• [EXERCISE PROMPT] In this exercise, print only the lines of the records below from the one with "KOREAN WAR VETERANS MEMORIAL" through the one with "Falahari Sabudana Khichdi", inclusive. Pictures are not part of the copy.

• [DATA FOR ANALYSIS]

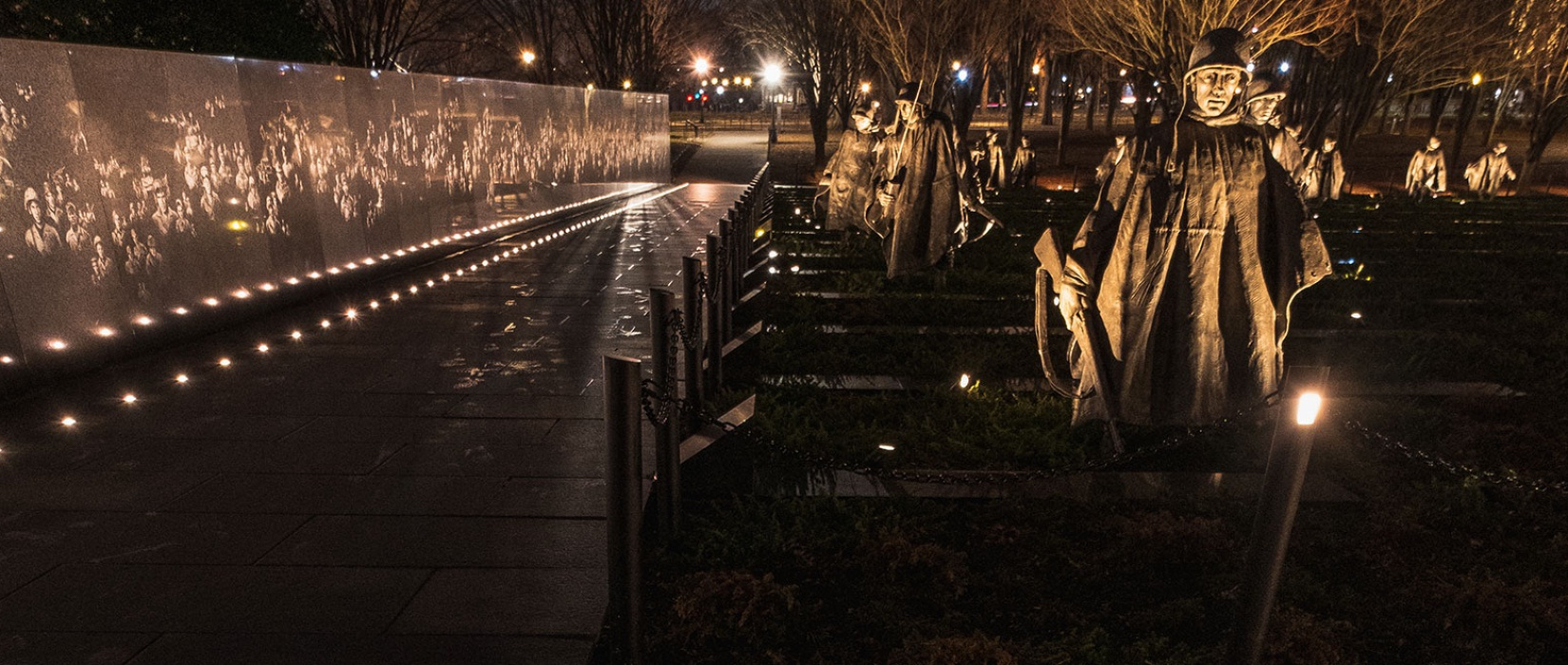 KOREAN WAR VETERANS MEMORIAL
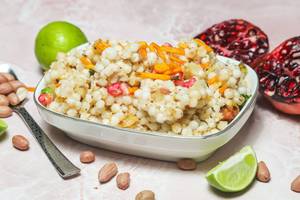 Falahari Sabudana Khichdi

---

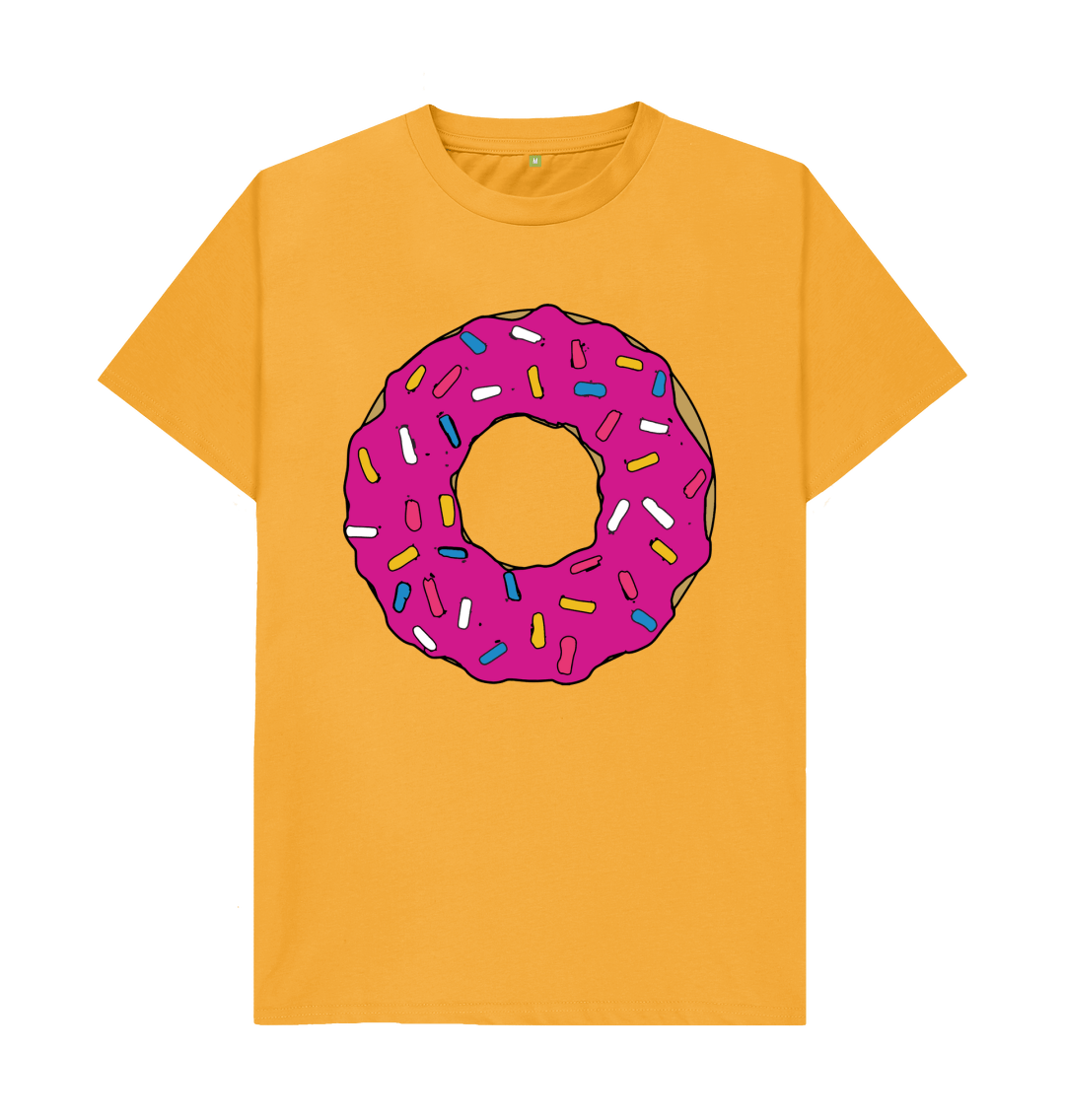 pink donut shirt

• [TASK ANSWER]
 KOREAN WAR VETERANS MEMORIAL
 Falahari Sabudana Khichdi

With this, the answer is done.